# Instructions to follow:
When writing out the entries below, keep only the lines from the line with "kilo Huánuco: Precio" to the line with "Yucca aloifolia 'Variegata'", both included, exactly as they are, and leave the pictures aside.

# Material for this exercise:
=======
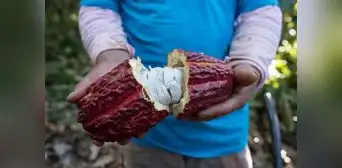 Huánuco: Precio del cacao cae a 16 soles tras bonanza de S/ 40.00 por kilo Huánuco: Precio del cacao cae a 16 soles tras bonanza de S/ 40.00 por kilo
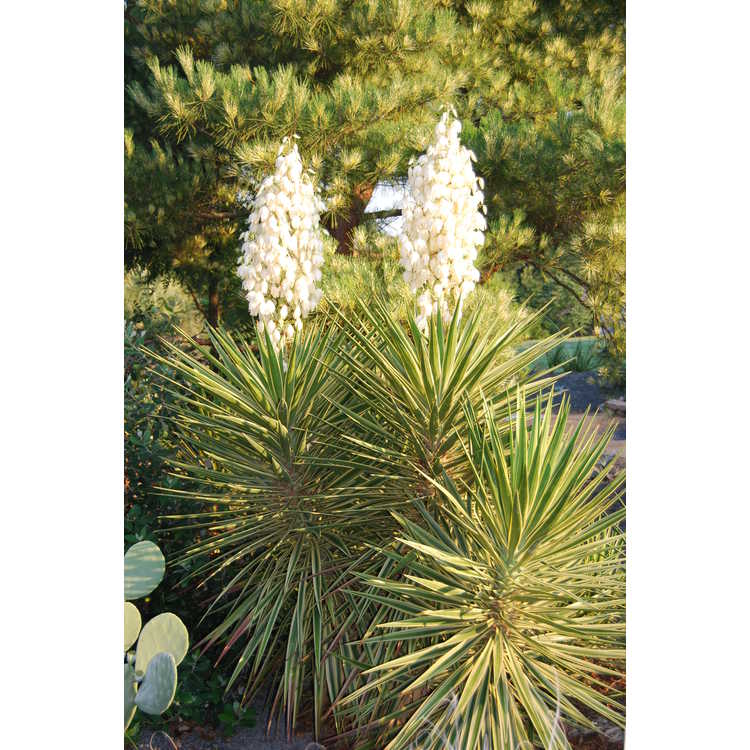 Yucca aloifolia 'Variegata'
=======
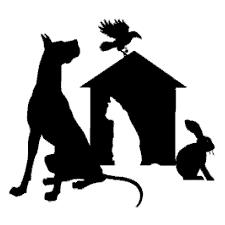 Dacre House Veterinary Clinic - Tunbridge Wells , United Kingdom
=======
# Worked solution:
 Huánuco: Precio del cacao cae a 16 soles tras bonanza de S/ 40.00 por kilo Huánuco: Precio del cacao cae a 16 soles tras bonanza de S/ 40.00 por kilo
 Yucca aloifolia 'Variegata'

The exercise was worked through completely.